**Available data**
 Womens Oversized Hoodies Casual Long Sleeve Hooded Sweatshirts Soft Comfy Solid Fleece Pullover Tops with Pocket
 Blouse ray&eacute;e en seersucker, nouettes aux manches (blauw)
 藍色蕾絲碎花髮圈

...

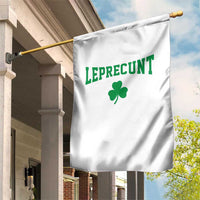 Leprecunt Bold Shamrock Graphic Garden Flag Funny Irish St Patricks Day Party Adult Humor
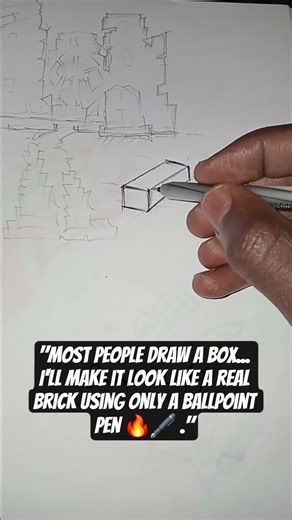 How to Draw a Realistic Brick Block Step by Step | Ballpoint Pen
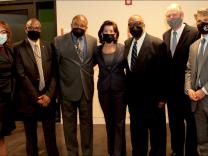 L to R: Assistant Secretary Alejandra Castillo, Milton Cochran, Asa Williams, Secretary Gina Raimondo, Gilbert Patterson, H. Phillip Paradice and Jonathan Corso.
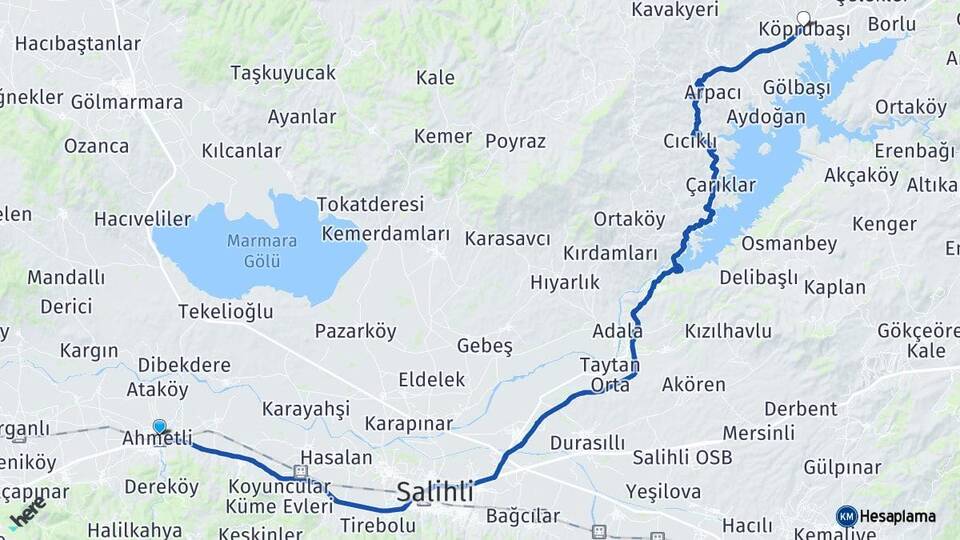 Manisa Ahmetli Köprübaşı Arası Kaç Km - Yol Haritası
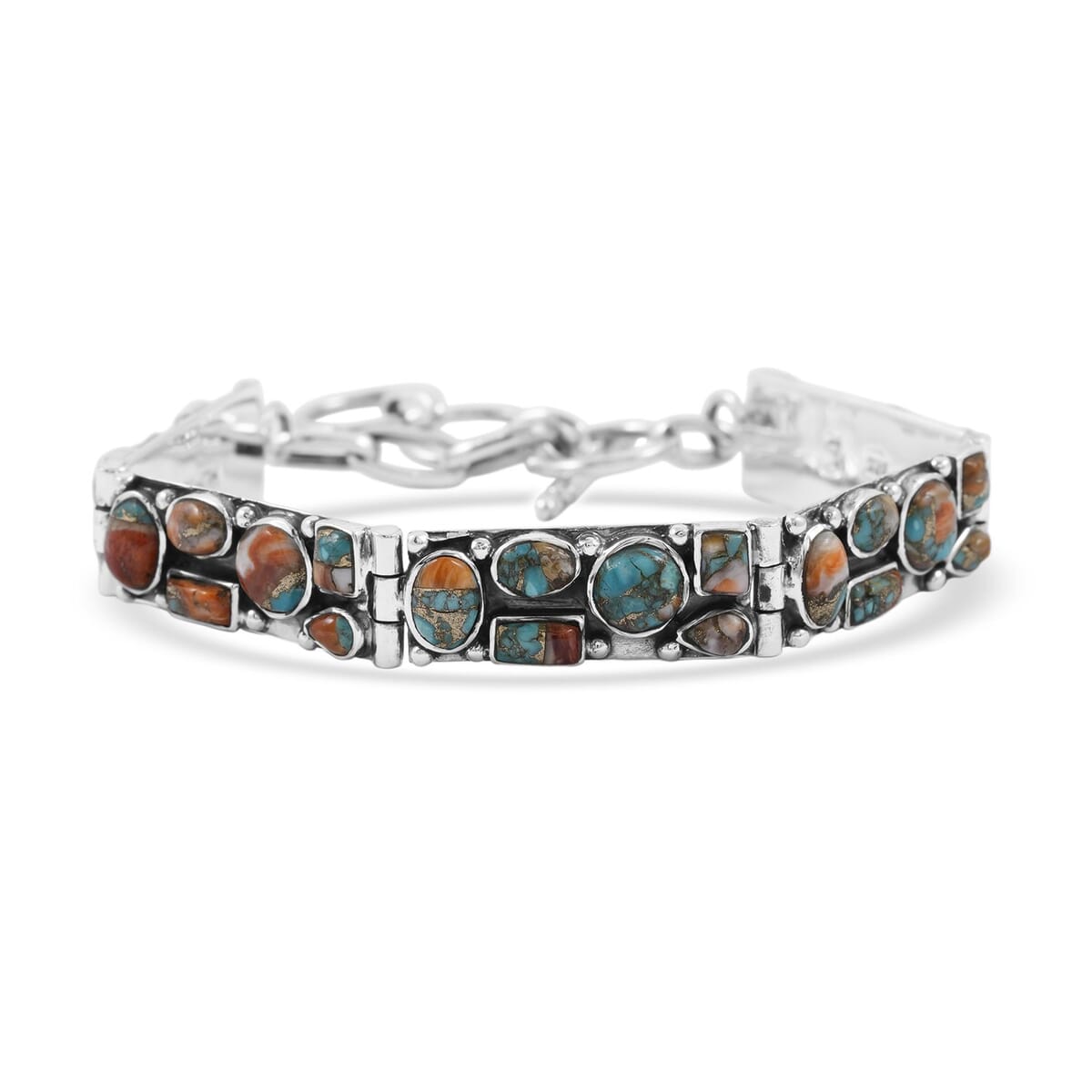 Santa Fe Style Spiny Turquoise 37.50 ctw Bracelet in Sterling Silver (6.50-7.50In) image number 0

==

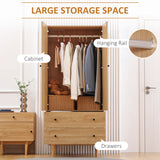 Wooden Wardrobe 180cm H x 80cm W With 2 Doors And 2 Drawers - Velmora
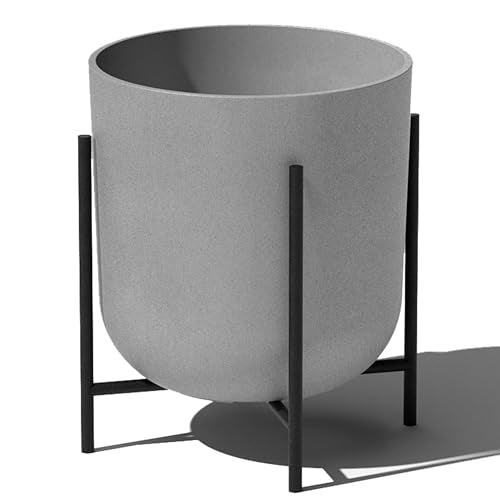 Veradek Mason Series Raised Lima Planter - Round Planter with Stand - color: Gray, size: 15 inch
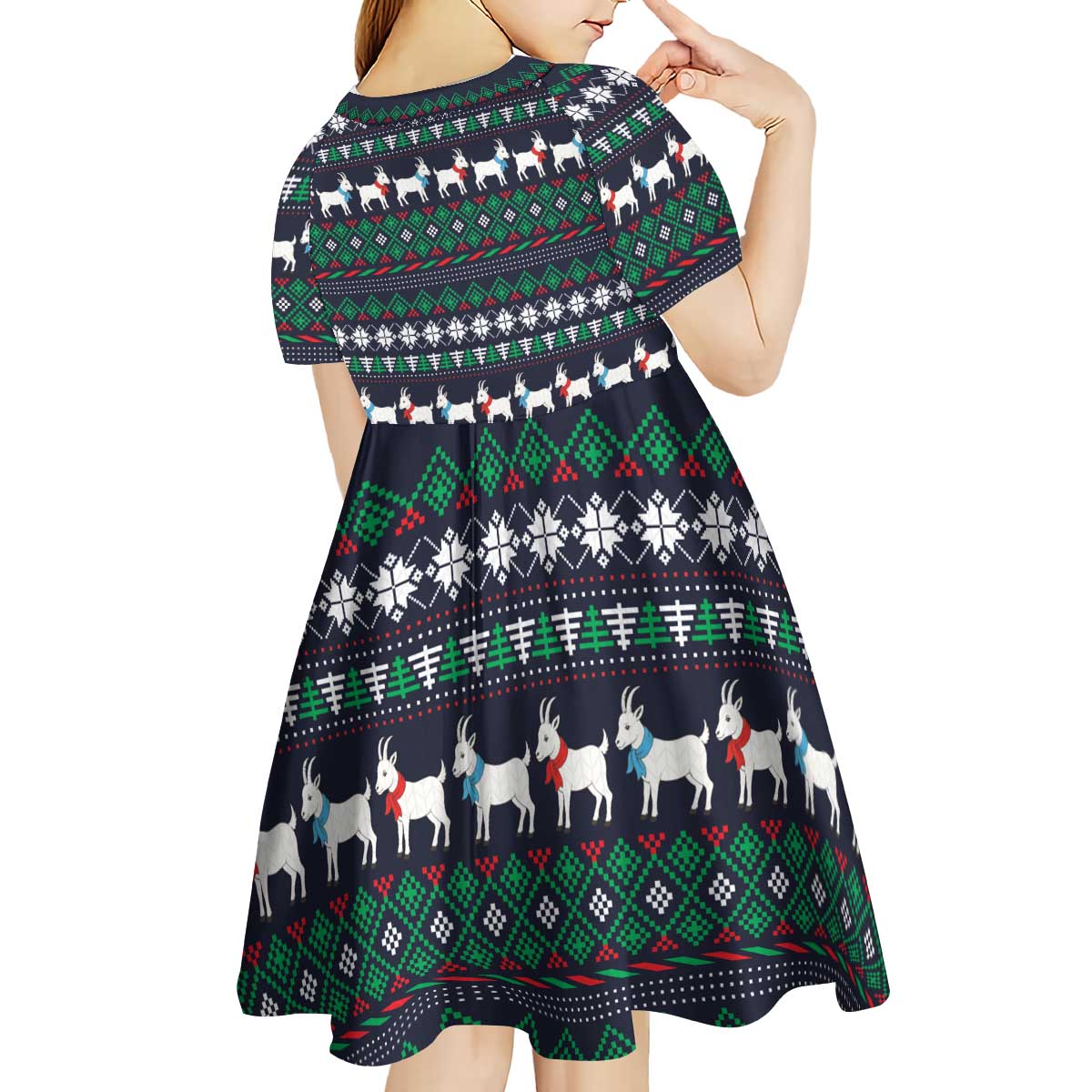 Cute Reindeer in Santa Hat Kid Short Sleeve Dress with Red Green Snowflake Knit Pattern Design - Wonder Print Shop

**Assignment**
Give the lines above again exactly, from the one containing "Leprecunt Bold Shamrock" to the one containing "Santa Fe Style", both included, but leave out the pictures.

**Task response**
 Leprecunt Bold Shamrock Graphic Garden Flag Funny Irish St Patricks Day Party Adult Humor
 How to Draw a Realistic Brick Block Step by Step | Ballpoint Pen
 L to R: Assistant Secretary Alejandra Castillo, Milton Cochran, Asa Williams, Secretary Gina Raimondo, Gilbert Patterson, H. Phillip Paradice and Jonathan Corso.
 Manisa Ahmetli Köprübaşı Arası Kaç Km - Yol Haritası
 Santa Fe Style Spiny Turquoise 37.50 ctw Bracelet in Sterling Silver (6.50-7.50In) image number 0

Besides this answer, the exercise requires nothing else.